En revanche, les Lillois veillent rigoureusement à ce que les membres de l’élite dirigeante de la ville ne cumulent pas leurs charges urbaines avec des commensalités, seules de rares exceptions étant relevées. L’élite lilloise est néanmoins très présente dans les milieux aristocratiques avec lesquels elle tisse des liens par les services qu’elle rend, mais aussi et surtout en scellant des alliances matrimoniales. Les dirigeants des deux villes participent aussi régulièrement à l’approvisionnement des hôtels ducaux, qui permettent parfois à des Dijonnais d’intégrer le milieu curial mais pas aux Lillois. Par ailleurs la question de la familiaritas, plusieurs fois attestée avec des exemples de parrainages, compérages et commérages, demeure difficile à cerner en raison des limites posées par les sources.

Le cumul des charges municipales et princières est donc permis et assumé à Dijon, alors qu’il est exclu à Lille en raison des normes urbaines établies, ce qui n’empêche pas les élites d’être liées au milieu princier par d’autres moyens comme le montre l’exemple de la famille Dommessent présenté dans la troisième partie consacrée aux parcours des hommes et des familles. Il est parfois difficile d’établir si ce sont les officiers princiers qui veulent intégrer le milieu urbain ou l’inverse, et l’auteure rappelle l’importance de s’intéresser aux trajectoires individuelles qui demeurent le facteur majeur permettant d’expliquer l’implication d’officiers princiers dans la vie politique urbaine. Certains d’entre eux semblent »parachutés« à la tête de la ville, dans le sens où ils n’étaient que peu ou pas intégrés à la municipalité auparavant comme le montre l’exemple de Philippe Machefoing, maire de Dijon durant plusieurs années.

Ces cas demeurent toutefois exceptionnels et n’excèdent pas la première moitié du XVe siècle, tandis que d’autres s’établissent sur plusieurs générations avec des fils occupant parfois des charges municipales qui n’intéressaient pas nécessairement les générations précédentes. L’importance des trajectoires familiales est elle aussi mise en exergue, à travers plusieurs exemples comme celui des Berbisey à Dijon, qui sont des marchands très impliqués dans le trafic du sel et qui se forment rapidement au droit durant le XVe siècle, leur lignée se pérennisant bien au-delà de la période ducale et tissant des alliances avec les principales familles de la ville. D’autres familles connaissent des itinéraires similaires en se spécialisant dans d’autres domaines, par exemple les Chambellan dans les affaires financières.

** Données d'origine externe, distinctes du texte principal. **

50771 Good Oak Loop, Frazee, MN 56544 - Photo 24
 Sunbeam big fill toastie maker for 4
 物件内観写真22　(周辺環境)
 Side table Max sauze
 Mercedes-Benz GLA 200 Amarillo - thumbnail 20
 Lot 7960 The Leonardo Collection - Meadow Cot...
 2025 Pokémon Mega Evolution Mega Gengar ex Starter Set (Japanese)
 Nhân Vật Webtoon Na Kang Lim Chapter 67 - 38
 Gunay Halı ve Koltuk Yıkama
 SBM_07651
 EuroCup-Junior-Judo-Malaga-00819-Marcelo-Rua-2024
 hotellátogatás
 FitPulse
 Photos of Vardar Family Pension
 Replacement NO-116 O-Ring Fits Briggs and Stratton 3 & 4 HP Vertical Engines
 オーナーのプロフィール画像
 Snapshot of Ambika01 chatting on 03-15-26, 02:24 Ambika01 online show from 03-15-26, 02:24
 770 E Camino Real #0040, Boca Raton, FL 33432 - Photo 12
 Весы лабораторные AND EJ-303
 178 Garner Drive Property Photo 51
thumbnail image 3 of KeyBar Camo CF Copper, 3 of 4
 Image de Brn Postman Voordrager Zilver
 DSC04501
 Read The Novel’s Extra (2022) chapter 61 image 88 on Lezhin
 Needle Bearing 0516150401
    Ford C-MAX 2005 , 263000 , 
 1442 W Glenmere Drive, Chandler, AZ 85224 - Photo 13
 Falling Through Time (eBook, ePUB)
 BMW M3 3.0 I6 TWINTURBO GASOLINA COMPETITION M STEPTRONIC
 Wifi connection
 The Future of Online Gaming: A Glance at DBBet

À Dijon il s’agit majoritairement de familles dont la fortune émerge au début du siècle, à quelques exceptions près, et dont la notabilité et le poids dans les institutions urbaines et ducales se forge sur plusieurs générations, en se resserrant sur un personnage »emblématique« de la lignée après le rattachement du duché au royaume, tandis que d’autres familles disparaissent faute de descendance comme c’est le cas des Échenon. Les trajectoires sont différentes à Lille, où ce sont principalement les familles les plus anciennes qui exercent le pouvoir urbain et qui le quittent lorsqu’elles obtiennent des charges ducales, bien que les parents et alliances leur permettent toujours de conserver un lien avec la municipalité. On y relève comme à Dijon des spécialisations par famille.

En revanche une différence notable entre les élites des deux villes réside dans leurs méthodes de prêts au duc: à Dijon les créanciers sont des particuliers, tandis qu’à Lille c’est la municipalité qui accorde les prêts. L’analyse des trajectoires familiales montre aussi que les formations universitaires deviennent de plus en plus importantes pour les élites dijonnaises, tandis qu’elles demeurent marginales au sein des familles lilloises. L’auteure ajoute que ces élites ont une mobilité régulière, en reconnaissant que ce point mériterait d’être davantage approfondi.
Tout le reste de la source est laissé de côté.